__Your assignment__. What do the lines from the top of the data through the line with "Two similar Georgian" say? Quote them exactly and include both ends.

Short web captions
┄┄┄┄┄┄┄┄┄┄┄┄┄┄┄┄┄┄┄┄
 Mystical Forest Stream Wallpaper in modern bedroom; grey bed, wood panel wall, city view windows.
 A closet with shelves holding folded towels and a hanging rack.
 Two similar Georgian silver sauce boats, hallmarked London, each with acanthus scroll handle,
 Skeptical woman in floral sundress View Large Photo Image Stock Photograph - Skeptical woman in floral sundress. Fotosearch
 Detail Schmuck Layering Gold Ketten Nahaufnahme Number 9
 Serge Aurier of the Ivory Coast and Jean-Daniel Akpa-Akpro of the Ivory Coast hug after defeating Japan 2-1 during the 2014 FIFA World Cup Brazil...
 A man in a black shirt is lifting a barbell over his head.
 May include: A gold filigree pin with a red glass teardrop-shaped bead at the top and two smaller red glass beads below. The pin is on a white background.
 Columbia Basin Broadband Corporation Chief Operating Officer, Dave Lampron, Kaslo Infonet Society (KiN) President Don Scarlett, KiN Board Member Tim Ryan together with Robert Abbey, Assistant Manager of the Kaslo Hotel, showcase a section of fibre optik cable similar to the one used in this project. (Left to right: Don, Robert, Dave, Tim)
┄┄┄┄┄┄┄┄┄┄┄┄┄┄┄┄┄┄┄┄
__Expected answer__.
 Mystical Forest Stream Wallpaper in modern bedroom; grey bed, wood panel wall, city view windows.
 A closet with shelves holding folded towels and a hanging rack.
 Two similar Georgian silver sauce boats, hallmarked London, each with acanthus scroll handle,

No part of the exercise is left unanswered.